Last year, basically nothing looked good at the aid stations except a few oranges here and there and maybe some soup. By the time I got to the Mayqueen tent at mile 86.5, I was pale, nauseous and on the verge of vomiting, which I did. This, in turn, degenerated into serious chills and about 45 minutes in a cot with blankets wrapped around me from head to toe and medical personnel checking my vitals. I was in bad shape. Finally, after eating a little, my strength returned and I was able to finish the race.

The whole experience has forced me to carefully craft a nutrition plan for this year's Leadville that hopefully will fuel me from start to finish without any issues.
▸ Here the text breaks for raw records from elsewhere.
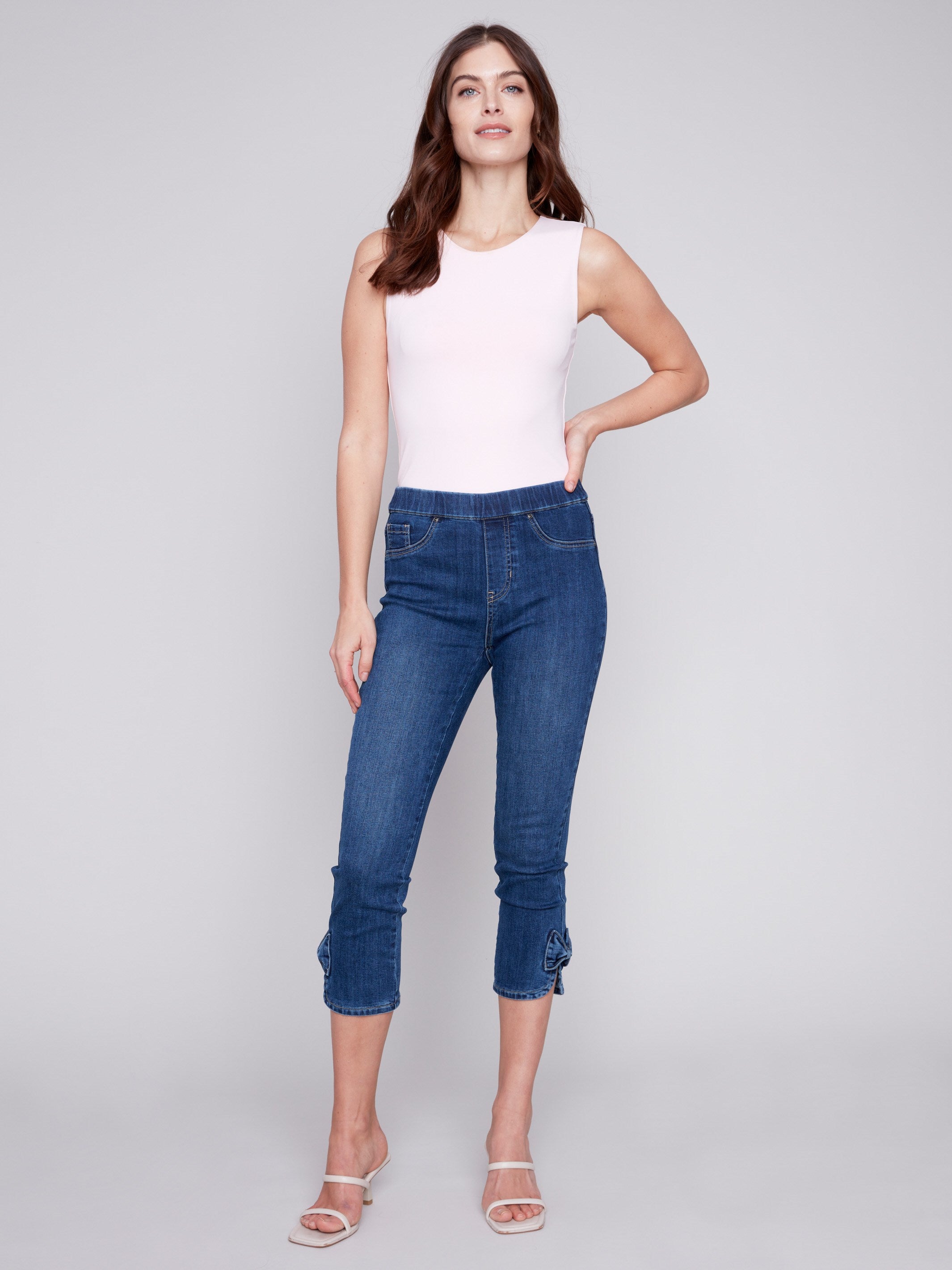 Pull-On Jeans with Bow Detail - Indigo - Charlie B Collection Canada - Image 4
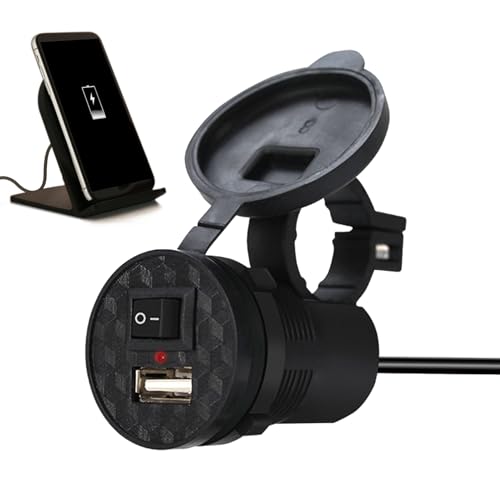USB -Motorrad -Ladegerät - 1,5A Schnellladungsadapter für Telefone | Lenkermontage-Steckdose für elektrische Roller, Motorräder, E-Bikes | Universeller Ladeanschluss für Mobilgeräte, Navigation und Ou USB -Motorrad -Ladegerät - 1,5A Schnellladungsadapter für Telefone | Lenkermontage-Steckdose für elektrische Roller, Motorräder, E-Bikes | Universeller Ladeanschluss für Mobilgeräte, Navigation und Ou von Generisch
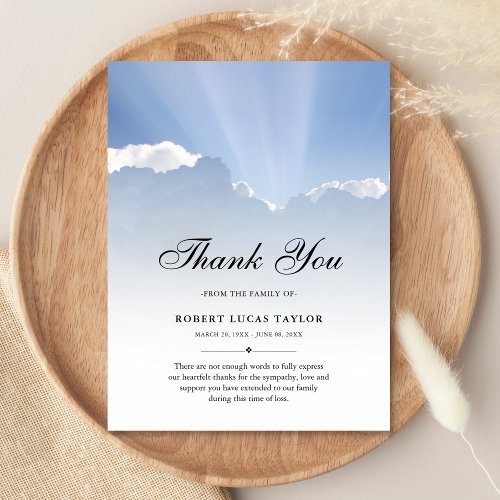 Sympathy Thank You Beach Ocean Funeral  Postcard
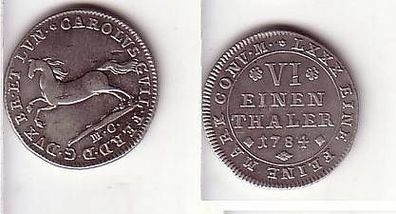 1/6 Taler Silber Münze Braunschweig Wolfenbüttel 1784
First off, it's really hard to eat while running at 10,000+ feet. At that altitude, your body is in overdrive and burning calories takes a lot of energy and oxygen. Blood is diverted to critical organs, which can leave the stomach in not so good shape (which begs the question of whether it's even a good idea to run at high altitutde...). So the most important thing for me, I think, is for my fuel to be readily absorbed. I'm looking at a variety of endurance drinks along with gels and other fuel sources. I probably should have done this months ago. Anyway, here's what one highly accomplished endurance athlete and Leadville top-10 finisher advised:
You need to front load your nutrition and aim for ~75-100g of CHO per hour in the first 2-3 hours while your GI tract is still functioning. Once you start to really build fatigue then blood is shunted away from less important organs to most important organs like your brain, heart, lungs, kidneys. After ~3:00 you need to try and avoid fat for sure and also (I believe) protein particularly at high altitude where fat and protein require up to 20% more oxygen to metabolize. Gravitate towards liquids calories (not gels) with a mix of long chain (maltodextrin) and short chain (sucrose) glycogen. The maltodextrin and sucrose work very well together in a ~3:1 ration which promotes gastric emptying much better than anything out there. I used Carbo-Pro which is pure maltodextrin and mixed in powdered Gatorade. Or Ultra Fuel makes a pre mixed sports drink that works very well too. Fructose and sucrose are both good.
In the next few days, I'm probably going to test Carbo-Pro. I like the sounds of this product since I can mix it with a sports drink such as Gatorade or even with water. I may also try Ultra Fuel. While I like Perpetuem, it does contain fat, which requires precious energy and oxygen to break down, so I'm hesitant to use it at Leadville. Later in the race, chicken broth and noodles will provide critical energy, too.

If you have any ideas on nutrition for high-altitude racing, put them out there!


  1. One thing to note is that Carbo-pro is almost completely tasteless. You can mix in ~75g of CHO (you should be aiming for .5g of CHO per pound of body weight to start and then expect that to drop as fatigue sets in) and it tastes like water. I think this is a good thing because often times strong flavors can be overwhelming and also over the course of ~19 hours can get old. You stop wanting to taste the same thing over and over or you might not want a sugary sweet taste. You can mix in the powdered Gatorade both for taste and for the complimentary gastric emptying.

  2. Lucho:

    You've been a huge help to me and I thank you. I am in awe of your knowledge and expertise!